Evaluate Possible Avenues to Limit Transfers
Due to the uncertainties surrounding the use of the SCCs (and possibly BCRs) to legitimize transfers from the EU to countries that do not meet the “adequacy” criteria, it may be prudent to consider the costs and benefits of hosting and storing EU data locally where international transfers are not necessary. Alternatively, for data that does not need to be accessible to personnel or individuals based outside the EU (for example, if it is merely being stored in a non-EU location), technology solutions that are effective in blocking access to the personal data involved (e.g., strong encryption) may be sufficient to justify transfers that would otherwise fail to meet the new hurdles established by the CJEU’s judgment.
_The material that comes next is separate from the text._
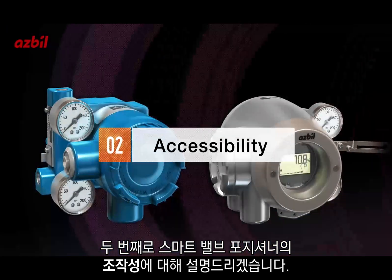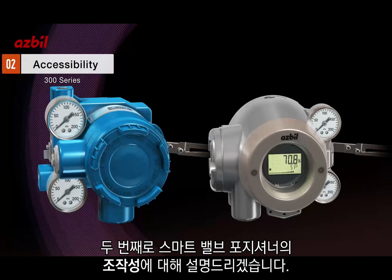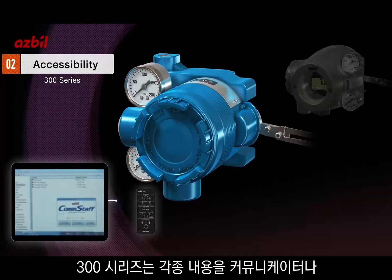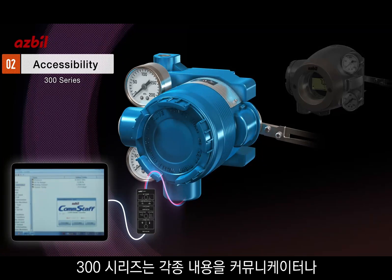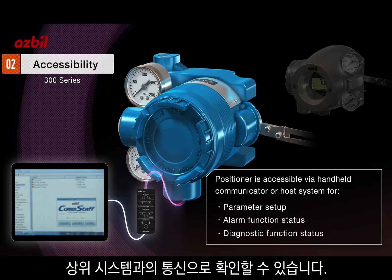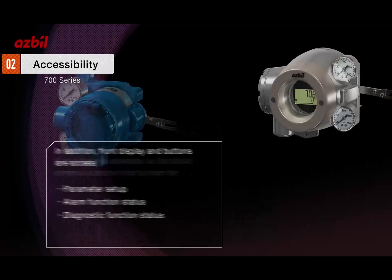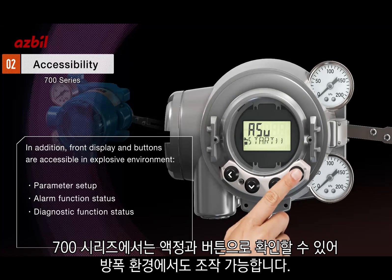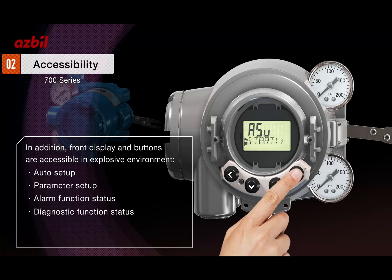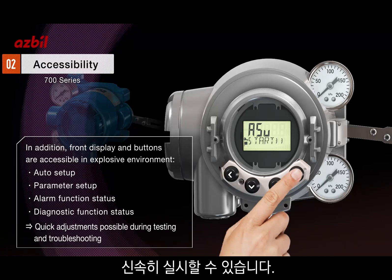Next, we'd like to talk about the accessibility of smart valve positioners. For the 300 series, various parameters are accessible via hand-held communicator or host system. For the 700 series, various parameters are accessible via front display and buttons in explosive environments, allowing for quick adjustments during testing and troubleshooting.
The judgment emphasizes that under the SCCs, the parties must assess on a case-by-case basis whether the SCCs are valid and otherwise stop or suspend the transfer in question and, further, that national Data Protection Authorities are required to enforce these requirements; however, it remains to be seen whether they will in fact do so in practice.
Prioritizing Next Steps
Regardless of what the future holds, the best immediate course of action is to re-examine your organization’s international data flows between the EU and the US as a matter of priority, to determine whether the applicable transfer mechanism is invalid (Privacy Shield) or potentially at risk (SCCs involving data categories that are, or are likely to be, subject to the bulk data collection practices of the US national security agencies). If so, companies will want to consider and evaluate the feasibility of alternative transfer mechanisms, such as Binding Corporate Rules, and potentially evaluate any available technology solutions.
Because the Court’s decision is not limited to EU-US data transfers, this assessment should, as a second order of priority, be extended to review EU personal data transfers to countries whose governments are engaged in similar types of surveillance practices. Contingency planning regarding the position on EU-UK transfers after the end of this year should also be carried out in light of the increased probability that an adequacy finding is unlikely post-Brexit.